Beyond these heated, factional debates are countless issues related to different aspects of the case. Among the major ones in Taiwan are: the connections between the Zhu Lian Bang and the various intelligence agencies in Taiwan; the nature and extent of organized crime in Taiwan; the roles of the many intelligence agencies in Taiwan; the relations between the anti-organized crime sweep and the Liu murder; the influence of the Zhu Lian Bang in Taiwan business, politics, entertainment and law enforcement; extradition of the Chen Chi-li and Wu Tun; how will Chen and Wu and the high government officials implicated in the murder will be tried in Taiwan; and to what extent will American law enforcement agencies and media be allowed to participate in the investigation and prosecution of the suspects. Here in the U. S., issues such as the role of Taiwan spies among the Chinese in the U. S.; relations between the Taiwanese and American intelligence services; the role of NSA, CIA and FBI in the investigation of the case; the extent of Taiwan cooperation in the investigation; the relations between Chen Chi-li and the Coordination Council; Federal jurisdiction in the case; the role of the Justice Department in the investigation of the case; Taiwanese underworld organizations in the U. S., the possible link between the death of

Prof. Chen Wen-chen and Henry Liu; arms sales to Taiwan; extradition of suspects and the future of Taiwan Relations Act are reported and discussed frequently in both Chinese and American press.

deliberations.

All these issues, as interesting and important as they are in the continuing debates over the future of Taiwan, US-Taiwan relations and US-China relations, they must be considered secondary from the Chinese American standpoint. In making this assertion, I am not suggesting that Chinese Americans should pay no attention to these issues or should abdicate their responsibility and right in public debates and We should. However, I am suggesting that we as Chinese Americans should give highest priority to what I consider to be the foremost issue in the Henry Liu case, that is, the effective protection and guarantee of the most sacred and fundamental rights of Chinese Americans under the constitution of the U.S. No issue related to the case should be allowed to overshadow this issue. Henry Liu was first and foremost a citizen of the U.S. In exercizing his rights guaranteed by the contitution, as a writer, he was brutally gunned down in his own home in Daly City, California, by a terrorist hit squad dispatched from Taiwan. After nearly three months of cover-up and repeated denials of government complicity, we now know what we suspected from the very beginning, that at least a number of top government officials in Taiwan were intimately involved in the silencing of an American critic of the Taiwan government. While the investigation continues, it is our sacred task to prevent this Chinese American issue from being ignored or pushed aside.

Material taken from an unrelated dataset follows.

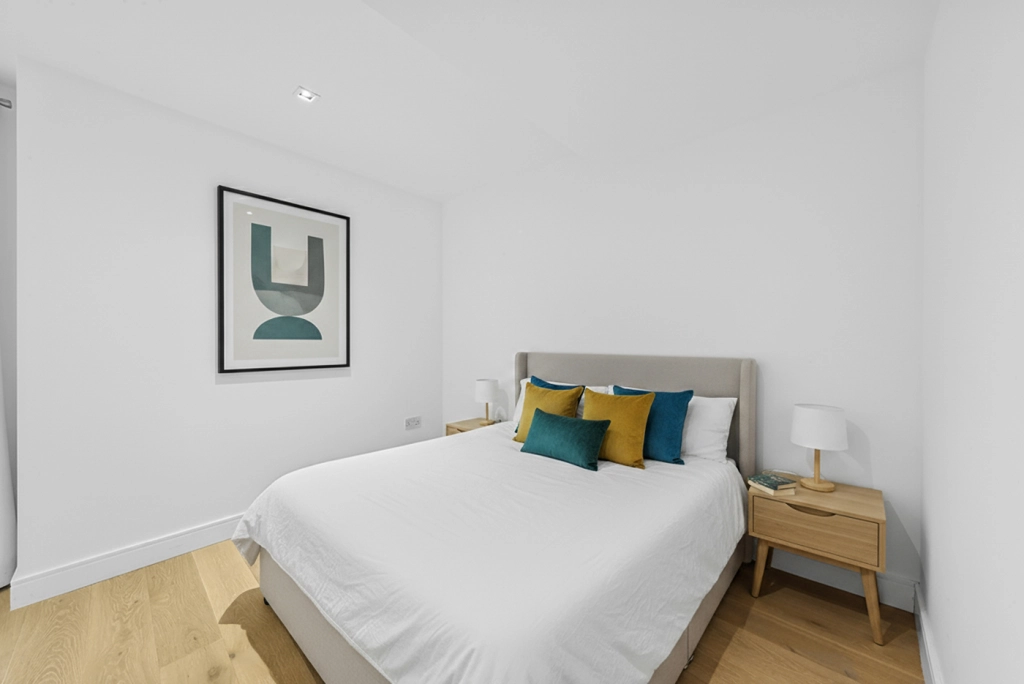 2 bedrooms apartments/flats for sale in Kew Bridge Road, Brentford - TW8 view 5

Putting the same issue differently, does the Taiwan government have the right to subject Chinese Americans to its rule?- From the Taiwan government's perspective, Henry Liu had no right to write critical books and articles about the government, the Guomindang party and the leaders in both the government and the party, even though he was not a citizen of Taiwan and owed Taiwan no allegiance. From the information reportedly contained in the Chen Chi-li tape and the interrogation of Lt. Reece of the Daly City Police, the intent of the killing was "to teach Henry Liu a lesson," and by extension, to teach overseas Chinese a lesson on loyalty and submission to the Taiwan regime as well.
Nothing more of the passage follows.